His joining of One Nation is being seen as key for the party to reach more voters, and he said he expected the result in Farrer to be replicated in other parts of the country.
“The Australian people are not dumb,” he told the ABC.
“What you saw tonight was not just a result for Farrer, it’s a result for Australia … and what we see is the Australian people saying I’m over this, I’m going to change things around, completely change the batting order, and they did it tonight.”
Joyce lashed his former Coalition colleague Angus Taylor, whose success in the Liberal Party leadership spill in February led to the Farrer byelection when his predecessor Sussan Ley quit politics.

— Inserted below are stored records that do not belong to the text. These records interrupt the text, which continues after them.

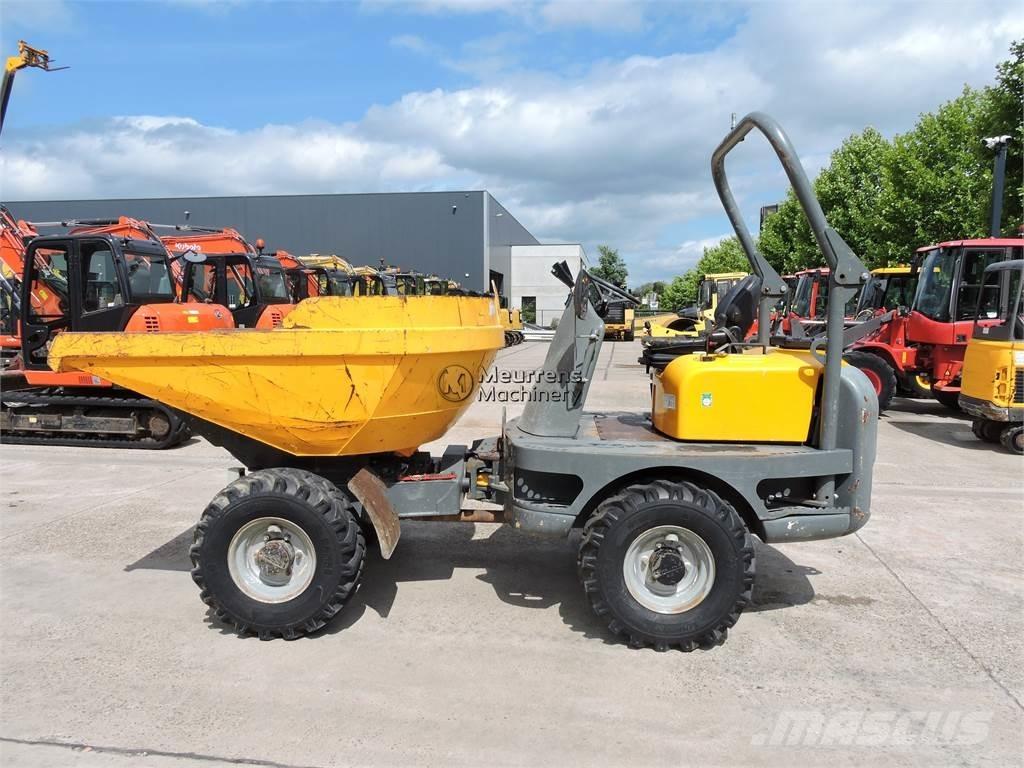 Wacker Neuson 4001 Liigendraamiga pinnaseveokid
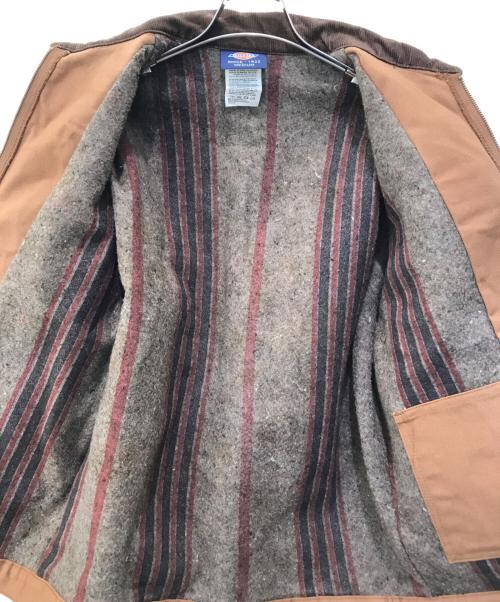Dickies（ディッキーズ）Dickies (ディッキーズ) ダック地ジャケット ベージュ サイズ:Mの古着・服飾アイテム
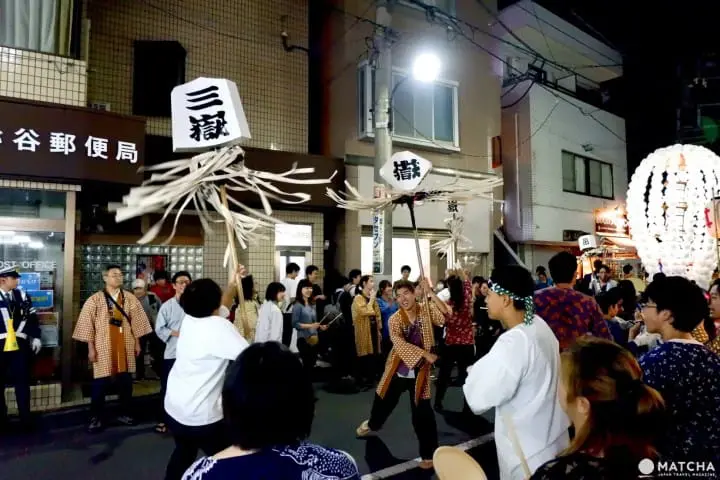 鬼子母神御會式-纏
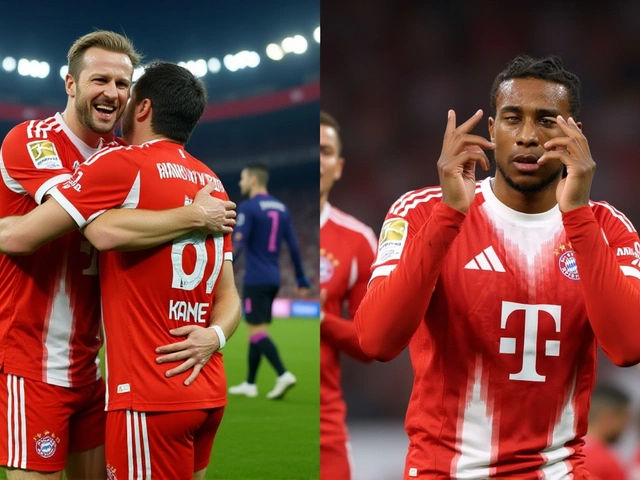Harry Kane nets 400th career goal as Bayern defeat Dortmund
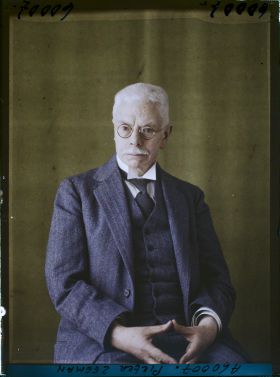 Image représentant Le Professeur Pieter Zeeman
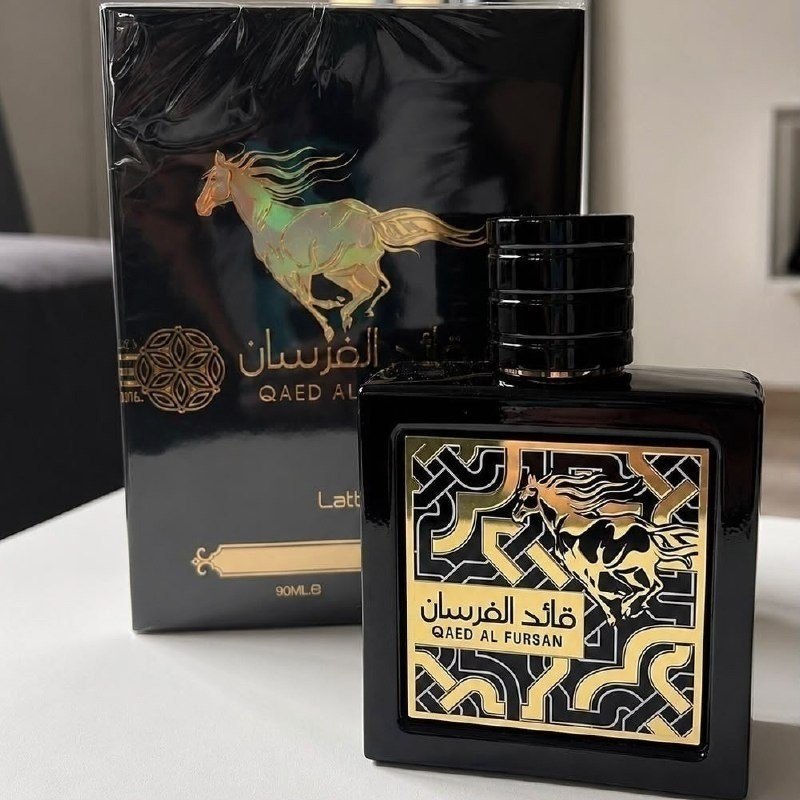 Perfume Árabe Qaed Al Fursan Lattafa Edp 90 Ml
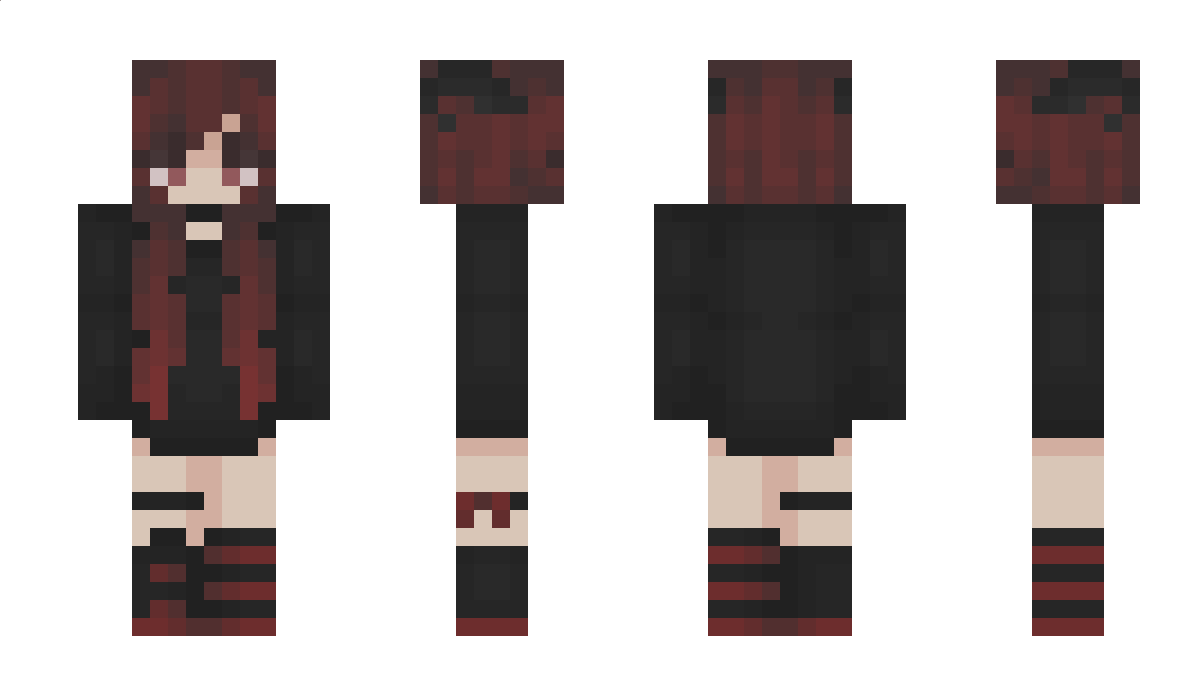 Animex Minecraft Skin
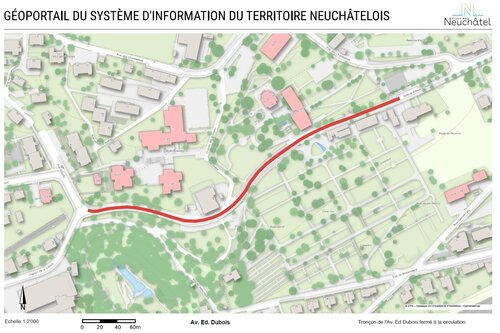 Un plan de situation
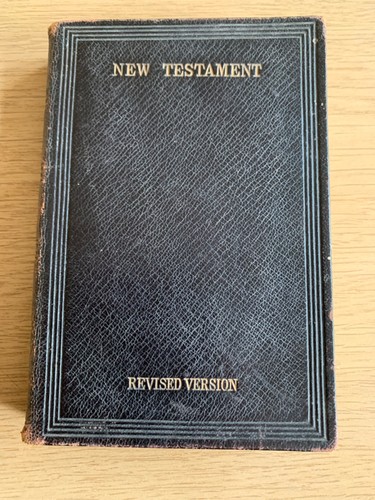 Leather the new - new, testament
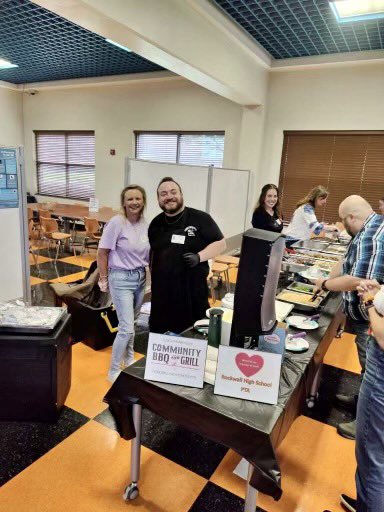 Rockwall High School PTO tweet media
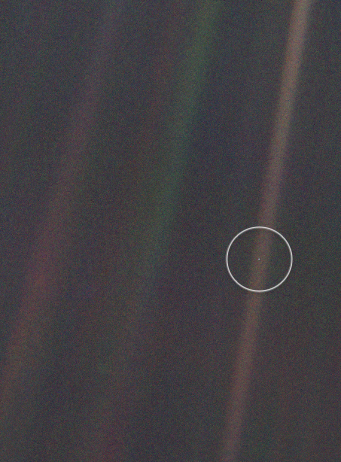 Pale Blue Dot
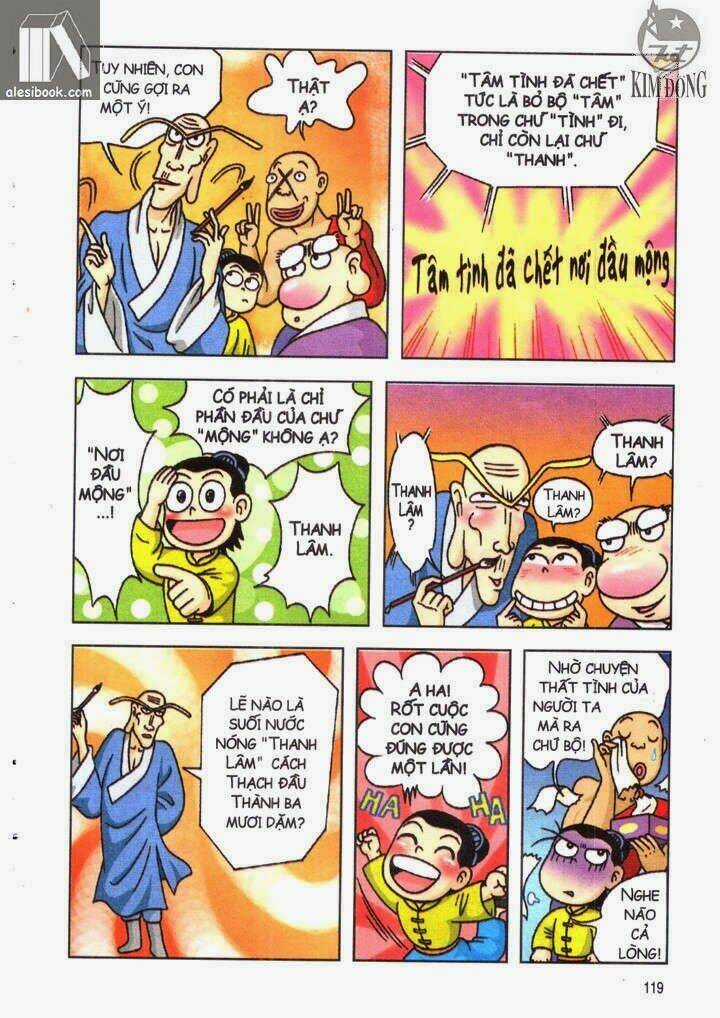 Ô Long Viện Linh Vật Sống Chapter 4 trang 21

The result for the Liberals tonight was catastrophic, attracting about 12 per cent of the vote in a seat that has only ever been held by the Liberal or National parties in its 77-year history.
Taylor blamed divisions within the Coalition as turning voters off.
“For too long we have been a party of convenience, not of conviction, and that must change,” he said.
“Over the last year or so the Coalition hasn’t done what it should do: been united and stable and strong, with two breakups of the Coalition over that time.
Ley, who held the seat for 25 years, released a statement tonight as a warning to Taylor.
“I urge the Liberal leadership to accept this result with humility because the voters never get it wrong,” she said.
“On the day the leadership spilled in February, the new leader said the Liberal Party needed to ‘change or die’.
“Three months later, the result in Farrer demonstrates that statement to be far truer today than it ever was.”